Once you’ve confirmed your report is accurate, improve your credit score if it’s low. “The quickest way to boost your credit score is to pay down credit card balances … and always pay bills on time,” says Debbie Calixto, sales manager at loanDepot.
She recommends keeping your credit card balance at 30% or below your credit limit. Dean Rathbun, a mortgage loan officer at United American Mortgage Company agrees, noting that low credit use shows lenders you can manage credit responsibly. This works in your favor when trying to get a lower mortgage rate.
See what rate you’re currently eligible for here now.
Consider different loan types
Calixto explains that your ideal loan type depends on several factors including credit scores, down payment and property type.

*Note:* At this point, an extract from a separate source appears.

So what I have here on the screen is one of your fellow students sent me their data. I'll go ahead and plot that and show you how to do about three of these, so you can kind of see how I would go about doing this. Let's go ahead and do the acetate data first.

For example, if you’ve served in the military, a VA loan might offer you a no-down-payment option with a lower rate. If your credit score isn’t perfect, an FHA loan could be a good choice, with down payments as low as 3.5%.
But don’t assume a 30-year fixed-rate mortgage is your only option. Calixto points out that many homebuyers don’t plan to stay in their first home for three decades.

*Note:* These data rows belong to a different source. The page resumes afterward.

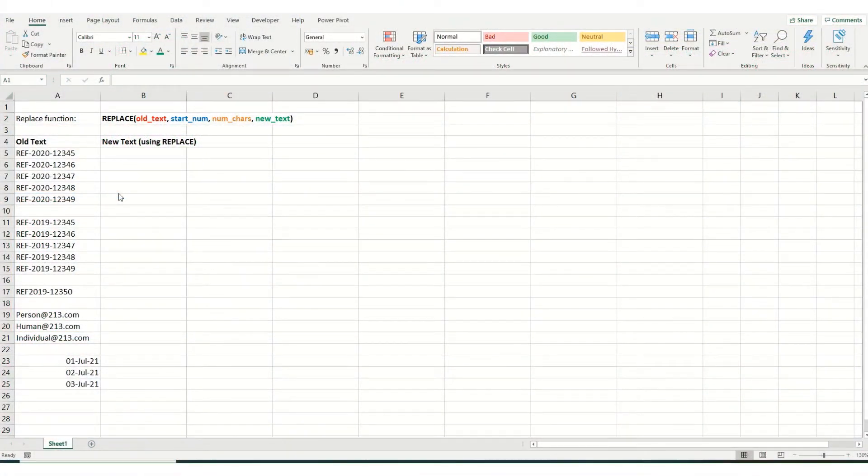Hi guys, welcome to another short video from ByteSizeExcel. In today's video, we're going to take a look at the Replace function.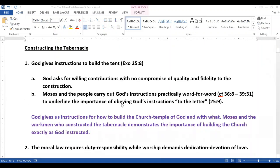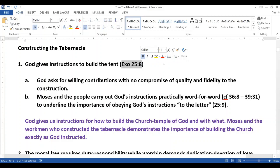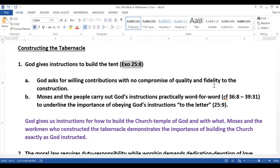Can somebody help us read Exodus 25 verse 8? Then have them make a sanctuary for me and I will dwell among them. Verse 9: Make this tabernacle and all its furnishings exactly like the pattern I will show you. So we find God giving instructions to build the tabernacle, which is basically a tent, and he says make it and all the furnishings exactly like the pattern I will show you.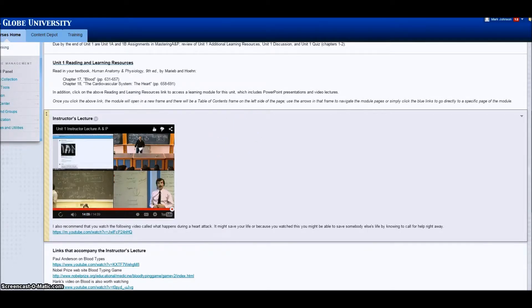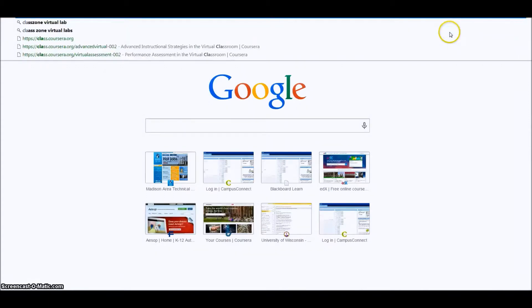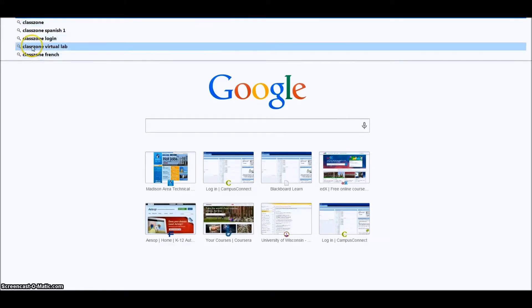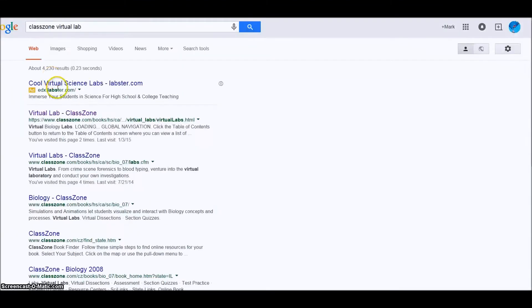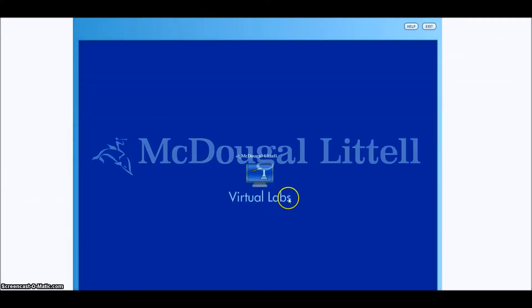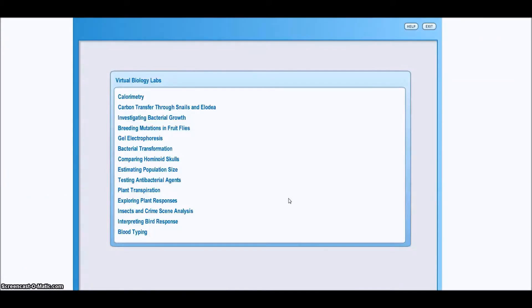I'm going to put into my browser ClassZone Virtual Lab, and McDougall has these virtual labs. I'm going to click on Virtual Lab ClassZone, and there McDougall is coming up.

“Adjustable-rate mortgages (ARMs) may [give you] a lower rate during the fixed-rate [term],” she explains. Pursuing one of these could make sense if you’re moving in a few years or expect your income to increase over time.

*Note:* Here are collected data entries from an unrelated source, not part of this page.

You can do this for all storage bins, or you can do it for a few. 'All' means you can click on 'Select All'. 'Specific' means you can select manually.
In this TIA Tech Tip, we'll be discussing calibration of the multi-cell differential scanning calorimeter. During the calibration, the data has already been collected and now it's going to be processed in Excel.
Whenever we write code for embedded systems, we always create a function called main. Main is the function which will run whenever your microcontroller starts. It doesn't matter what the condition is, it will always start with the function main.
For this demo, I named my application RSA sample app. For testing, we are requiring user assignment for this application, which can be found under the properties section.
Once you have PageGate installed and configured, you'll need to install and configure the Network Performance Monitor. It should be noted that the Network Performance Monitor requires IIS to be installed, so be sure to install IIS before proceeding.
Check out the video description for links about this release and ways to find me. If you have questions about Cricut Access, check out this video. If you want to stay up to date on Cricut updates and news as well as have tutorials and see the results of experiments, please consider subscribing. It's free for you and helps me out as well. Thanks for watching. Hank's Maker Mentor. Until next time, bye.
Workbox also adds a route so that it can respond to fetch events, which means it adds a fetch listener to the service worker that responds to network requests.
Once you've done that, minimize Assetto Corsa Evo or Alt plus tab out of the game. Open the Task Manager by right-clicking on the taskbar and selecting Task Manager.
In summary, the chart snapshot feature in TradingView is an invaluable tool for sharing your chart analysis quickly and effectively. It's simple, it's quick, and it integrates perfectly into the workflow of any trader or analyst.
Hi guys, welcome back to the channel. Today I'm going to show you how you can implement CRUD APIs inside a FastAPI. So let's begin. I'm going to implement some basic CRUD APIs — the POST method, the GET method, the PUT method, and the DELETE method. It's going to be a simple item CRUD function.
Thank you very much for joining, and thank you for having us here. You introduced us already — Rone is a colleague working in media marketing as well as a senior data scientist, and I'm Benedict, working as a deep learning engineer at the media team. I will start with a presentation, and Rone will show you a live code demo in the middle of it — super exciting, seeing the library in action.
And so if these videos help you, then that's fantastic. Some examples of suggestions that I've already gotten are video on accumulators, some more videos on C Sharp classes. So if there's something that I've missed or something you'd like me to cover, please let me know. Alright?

Look beyond the interest rate
“One of the worst things a borrower can do is be so rate-focused they miss what’s important,” says Berman.
Why? The advertised rate doesn’t always tell the full story. For instance, you might find an incredibly low rate online, only to learn it comes with hefty fees.
A borrower who sees a rate “way below market pricing … may not [realize it] comes with a 2%-point buy-down fee,” Berman notes. He also points out that some online lenders make it hard to speak with a real person, which is frustrating when you have questions or concerns.
Instead of chasing the lowest advertised rate, Berman suggests working with a local mortgage loan officer.
They can offer competitive rates and their experience and you’ll have someone to discuss your options with in person. This face-to-face interaction can make negotiating easier and help you understand all aspects of your loan — not just the interest rate.
Remember, the goal is to find the best overall deal, not just the lowest number.
The bottom line
While rates are trending down, experts advise focusing on what works for you right now, rather than scouring or waiting for the lowest rates. “I always recommend locking in an interest rate when a homebuyer is comfortable with the payment and the costs,” says Calixto.
Rathbun adds a word of caution about sitting on the sidelines for too long: “If [you] wait for rates to go down to purchase a home, [you’ll likely compete] with other buyers … bidding the house up to a higher price.”
So, what’s your next move to finding the best mortgage rate this month?
Start by checking your credit report and improving your score if needed. Then, talk to several local mortgage officers. Discuss different loan types and get a full picture of rates, fees and terms. The best rate for you is one that fits your overall financial situation and home-buying goals.
CBS News
In praise of Seattle-style teriyaki
Be the first to know
Get browser notifications for breaking news, live events, and exclusive reporting.
CBS News
Gazan chefs cook up hope and humanity for online audience
Renad Atallah is an unlikely internet sensation: a 10-year-old chef, with a repertoire of simple recipes, cooking in war-torn Gaza. She has nearly a million followers on Instagram, who’ve witnessed her delight as she unpacks parcels of food aid.
We interviewed Renad via satellite, though we were just 50 miles away, in Tel Aviv. [Israel doesn’t allow outside journalists into Gaza, except on brief trips with the country’s military.]
“There are a lot of dishes I’d like to cook, but the ingredients aren’t available in the market,” Renad told us. “Milk used to be easy to buy, but now it’s become very expensive.”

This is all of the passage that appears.